DIY JVM Part 1: Decoding the Magic – Parsing Java
DIY JVM Part 1: Decoding the Magic – Parsing Java
It’s been about 15 years since I last touched C programming. Back in university, I remember writing a small C program for an assignment—just a simple parser that could scan a C source file and check if its structures were correctly formed. It was nothing fancy, just a mundane academic exercise, and to be honest, I never thought much about it afterward. That was the last time I wrote anything significant in C.
Since then, my career has been all about Java and JVM-based languages. C had faded into the background, a relic of my early programming days. But recently, I found myself feeling a bit nostalgic. C is often called the “mother of all programming languages,” and I started wondering—what would it be like to revisit it now, with all the knowledge and experience I’ve accumulated?
Of course, jumping back into C just for the sake of it didn’t make much sense. I wasn’t looking to relearn pointers and memory management from scratch. I wanted a project—something meaningful, something that would bridge my JVM expertise with this old friend from my past. And then it hit me: what if I built a barebones JVM in C? Nothing too ambitious—just a minimal interpreter that could read and execute Java class files. That way, I could explore the internals of the JVM while also refreshing my C skills.

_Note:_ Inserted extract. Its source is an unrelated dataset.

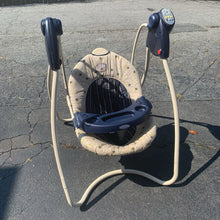 Load image into Gallery viewer, Pooh Swing Battery Operated Disney
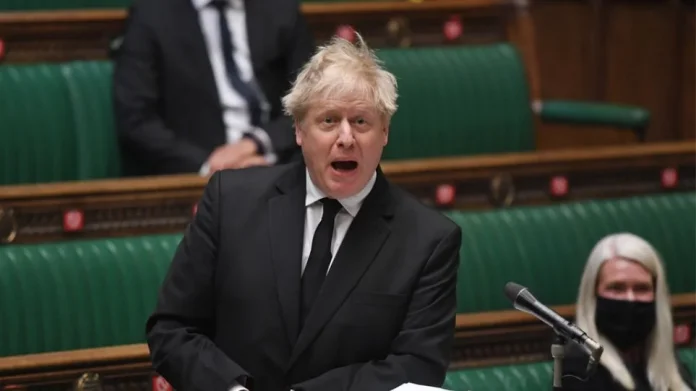 Βρετανία: Επιμένει ο Τζόνσον στις πιέσεις που δέχεται μετά τα κορωνοπάρτι – «Δεν παραιτούμαι»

And so, this DIY experiment began.
Understanding Java .class Files
When you compile a Java program, it produces a .class file—essentially a binary representation of Java bytecode. This file follows a strict format defined in the Java Virtual Machine Specification. At its core, it’s a structured stream of bytes, each part serving a specific purpose. If you’ve ever wondered what makes a .class file valid, here’s a quick breakdown:
- Magic Number (4 bytes) : Every valid .class file starts with 0xCAFEBABE (big-endian format). If this signature doesn’t match, the JVM rejects the file.

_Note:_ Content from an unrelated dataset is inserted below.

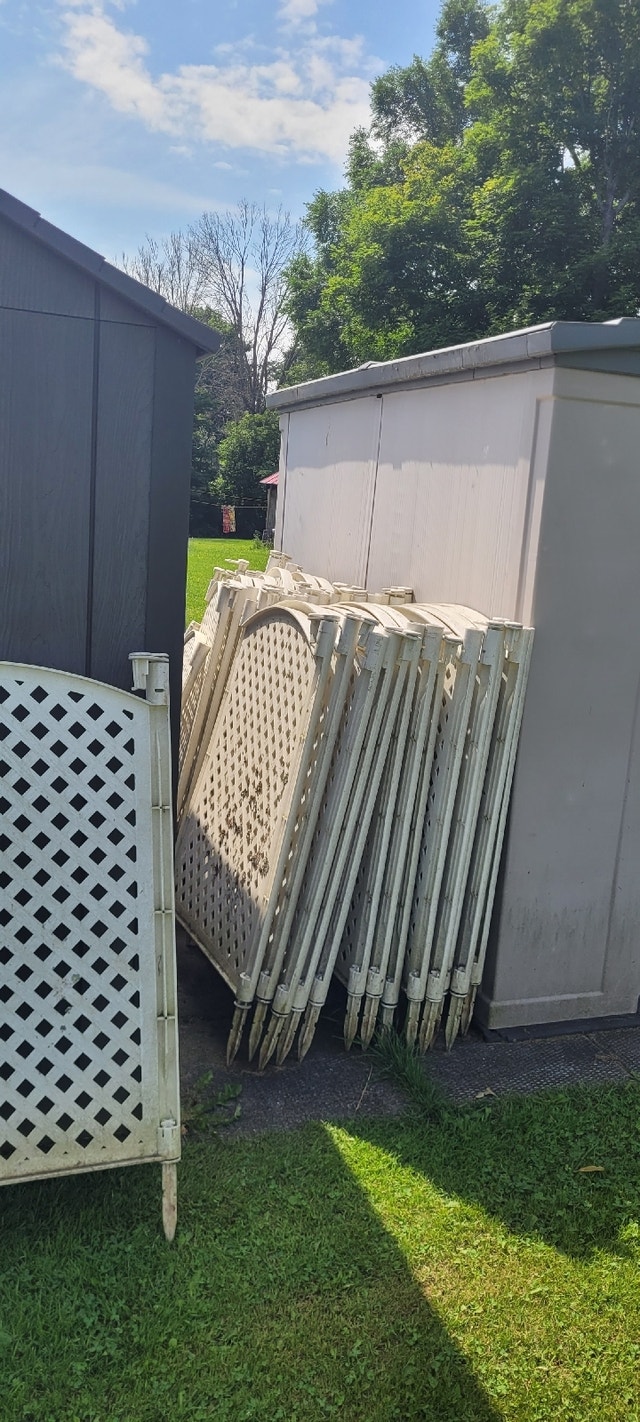 Picket fencing Decks & Fences Ottawa Kijiji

- Minor \& Major Version (2 + 2 bytes) : Indicates the Java version the file was compiled for. Java 8, for instance, has a major version of 52.

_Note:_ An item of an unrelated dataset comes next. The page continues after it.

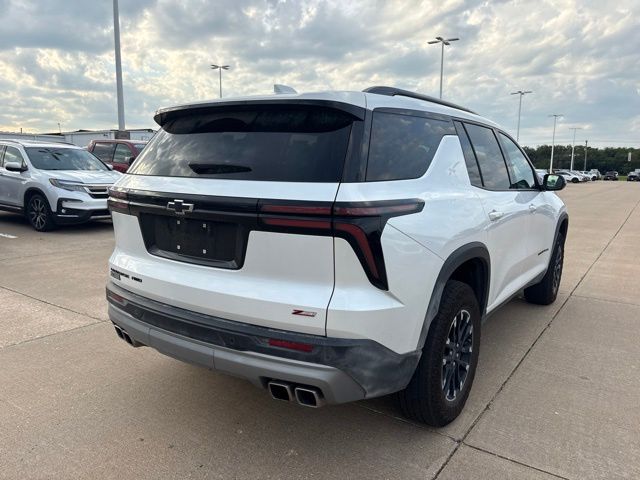 Used 2025 Chevrolet Traverse SUV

- Constant Pool Count (2 bytes) : This tells us how many entries exist in the constant pool—a table of constants (strings, numbers, method references, etc.) used throughout the class file.
- Constant Pool (variable size) : This is where the JVM stores symbolic references to class names, method names, field names, and other constants.
- Access Flags (2 bytes) : Specifies whether the class is public, final, abstract, or an interface.
- This Class (2 bytes) : A reference to the constant pool entry that holds the fully qualified name of the class.
- Super Class (2 bytes) : Similar to This Class, but for the superclass. If the class extends another class, this field points to it; otherwise, it’s java.lang.Object.
- Interfaces, Fields, Methods, and Attributes : These define what the class implements, the variables it declares, the methods it contains, and additional metadata like annotations and debugging information.
For example, if we take a hexdump of a .class file, it will look like this:
As you can see, it is just a stream of bytes, and the first 4 bytes are the magic number, cafe babe.
We don’t need to implement everything for our minimal JVM—just enough to parse and understand a .class file.
A Quick C Refresher
Before diving into the implementation, let’s quickly touch on some fundamental C concepts we’ll use in our parser.
Preprocessor Directives
In C, preprocessor directives (which begin with #) are handled before actual compilation. Common ones include:
#include <stdint.h>
#include <stdio.h>
#include <stdlib.h>
#define MAX_CONSTANT_POOL_SIZE 32767
- #include <stdio.h> : Includes the standard I/O functions like printf and fopen.
- #include <stdlib.h> : Includes general utilities like malloc/calloc and free.
- #define MAX_SIZE 32767 : Defines a macro, replacing occurrences of MAX_SIZE with 32767 before compilation.
Structs and Header Files
To keep things clean, we’ll separate our code into header files (.h ) and source files (.c ). Our header file (diyjvm.h ) will contain:
typedef struct {
uint32_t magic;
uint16_t minor_version;
uint16_t major_version;
uint16_t constant_pool_count;
cp_info *constant_pool;
uint16_t access_flags;
uint16_t this_class;
uint16_t super_class;
uint16_t interfaces_count;
uint16_t fields_count; // We'll skip storing the fields themselves for now
uint16_t methods_count;
method_info *methods;
} ClassFile;
We define data structures using struct and union keywords in C. It’s like class, but I guess it’s less classy or more!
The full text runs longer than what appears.